Given a set of candidate services \( S = \left\{ {s_{1} ,\, \ldots ,s_{n} } \right\} \), each with p-dimensional quality values, and a reference service s _r with p-dimensional quality references, the candidate services and s _r are first mapped to a p-dimensional space, one dimension for each of the p quality dimensions. For numerical quality dimensions, such as response time, failure rate, reliability, etc., the mapping process is straightforward. To accommodate non-numerical quality dimensions, such as reputation that are expressed by a rating selected from {high, medium, low}, the method discussed in [17] is adopted in this research. Based on a pre-defined hierarchical structure of all possible values, each level of the hierarchy is associated with a numerical value, for example, 3 for high, 2 for medium and 1 for low.

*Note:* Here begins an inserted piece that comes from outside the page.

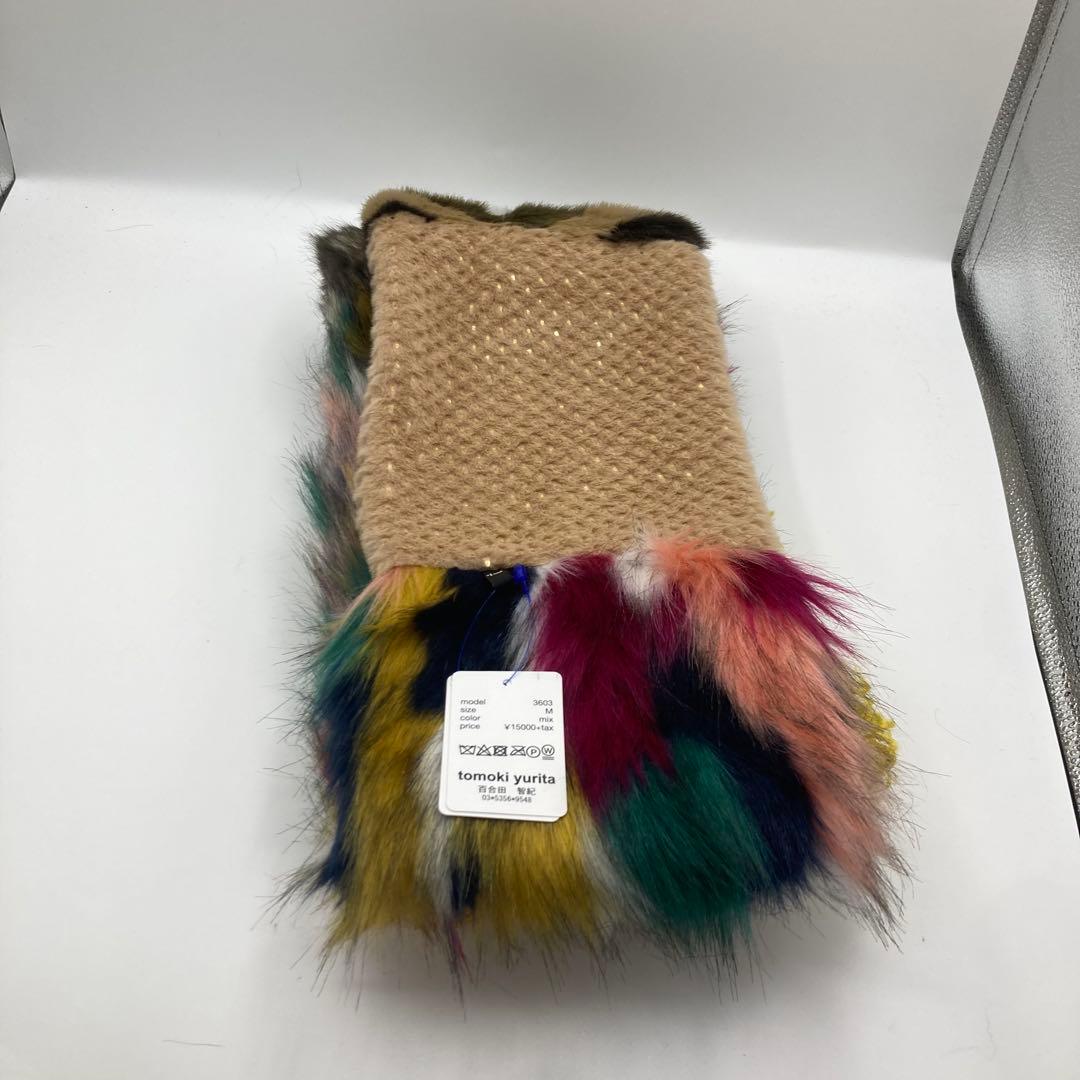tomoki yurita 異素材ミックス スヌード 新品未使用タグ付き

Given a k value, KNN identifies the top k services from S that are most similar to s _r , based on a measure of similarity in the p-dimensional space. To evaluate the similarity between each of the candidate services, \( s_{i} \in S,\,1 \le i \le n,\,{\text{and}}\,s_{r} \), we first normalize the quality values of s _i , \( 1 \le i \le n \), as well as s _r , with the min-max normalization technique, which has also been employed by many other researchers [17, 18]:

$$ \tilde{{q}}_{{p}} \left( {s_{i} } \right){ = }\left\{ {\begin{array}{*{20}l} {\frac{{{q}_{{p}}^{{\text{max}}} \left( S \right){ - q}_{{p}} \left( {s_{i} } \right)}}{{{q}_{{p}}^{{\text{max}}} \left( S \right){ - q}_{{p}}^{{\text{min}}} \left( {S_{i} } \right)}}} \hfill & {\text{if}\;{q}_{{p}}^{{\text{max}}} \left( S \right) \ne {q}_{{p}}^{{\text{min}}} \left( S \right)} \hfill \\ 1 \hfill & {\text{if}\;{q}_{{p}}^{{\text{max}}} \left( S \right)\varvec{ = }{q}_{{p}}^{{\text{min}}} \left( S \right)} \hfill \\ \end{array} } \right. $$

(1)

where q _p (s _i ) is the p ^th dimensional quality value of s _i , \( {q}_{{p}}^{{\text{max}}} \left( S \right) \) and \( {q}_{{p}}^{{\text{min}}} \left( S \right) \) are the maximum and minimum values, respectively, for the p ^th quality dimension among all services in S.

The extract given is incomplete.